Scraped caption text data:
● ● ●

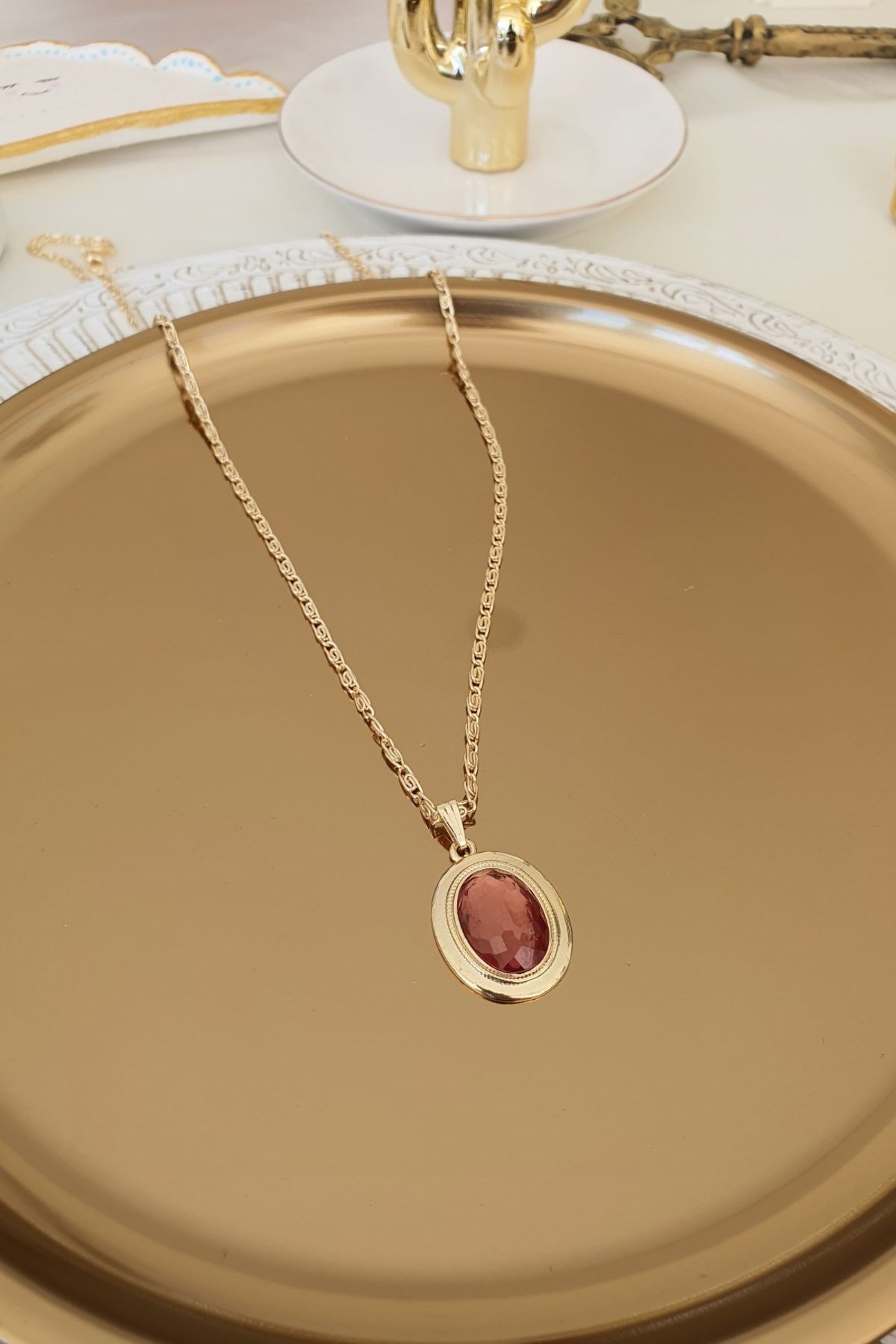 Renk Değiştiren Zultanet Taşlı Oval Kuyumcu Model Kolye Gold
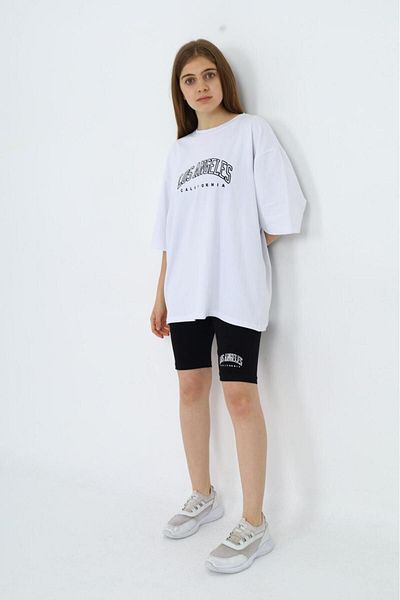 Asortik Kids Σετ φόρμας 100% βαμβακερό με μονόχρωμο κοντό κολάν για κορίτσι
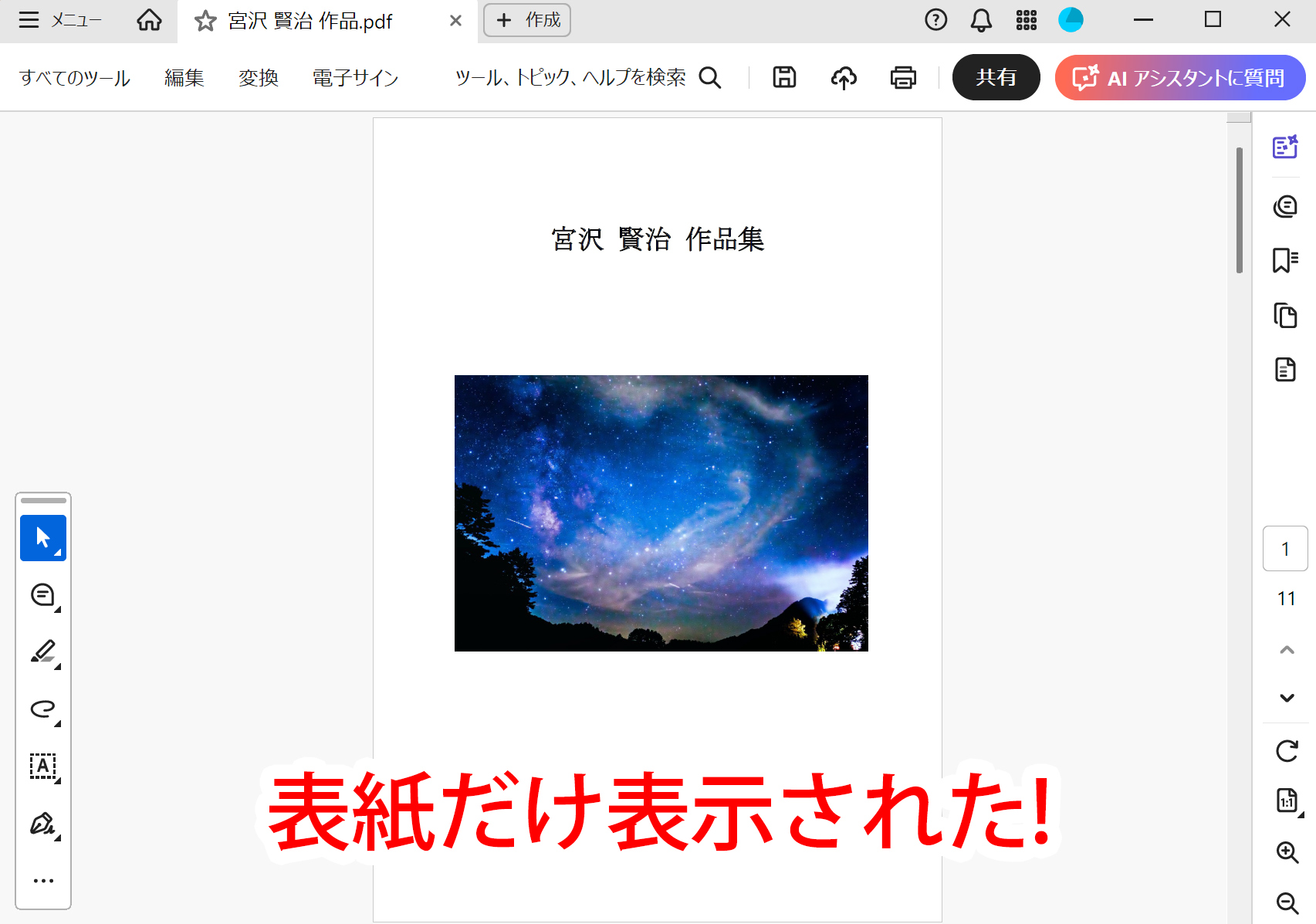 表紙だけ表示された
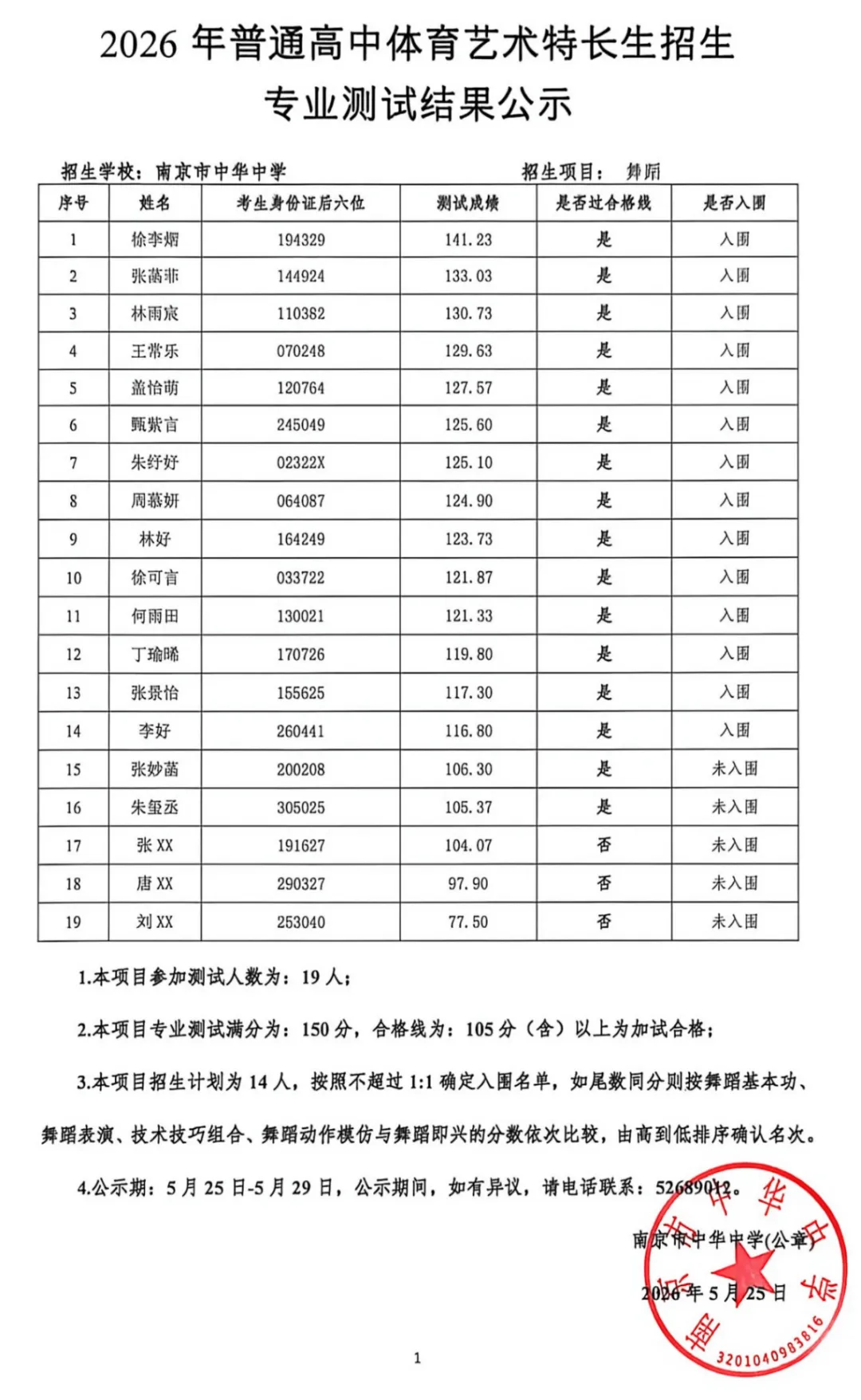 南京2026中考艺体特长生入围名单公示! 第8张 南京2026中考艺体特长生入围名单公示! 第8张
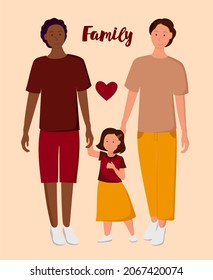 A family of gay men with a daughter. LGBT family.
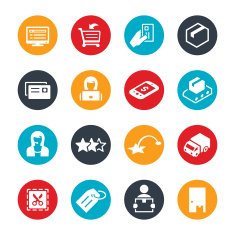 Online Shopping Cirlce Icons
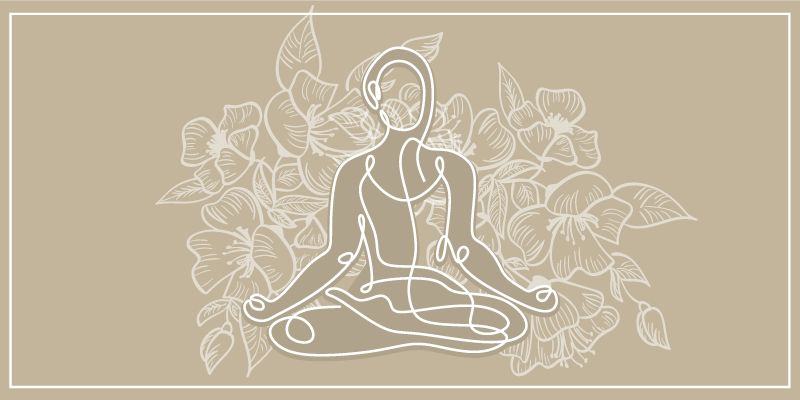 Meditativ blomstersilhuett vinyl teppe natur - Tenstickers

● ● ●

> _What to do_:
Set down the entries above again exactly, minus any image.

> _Exercise answer_:
 Renk Değiştiren Zultanet Taşlı Oval Kuyumcu Model Kolye Gold
 Asortik Kids Σετ φόρμας 100% βαμβακερό με μονόχρωμο κοντό κολάν για κορίτσι
 表紙だけ表示された
 南京2026中考艺体特长生入围名单公示! 第8张 南京2026中考艺体特长生入围名单公示! 第8张
 A family of gay men with a daughter. LGBT family.
 Online Shopping Cirlce Icons
 Meditativ blomstersilhuett vinyl teppe natur - Tenstickers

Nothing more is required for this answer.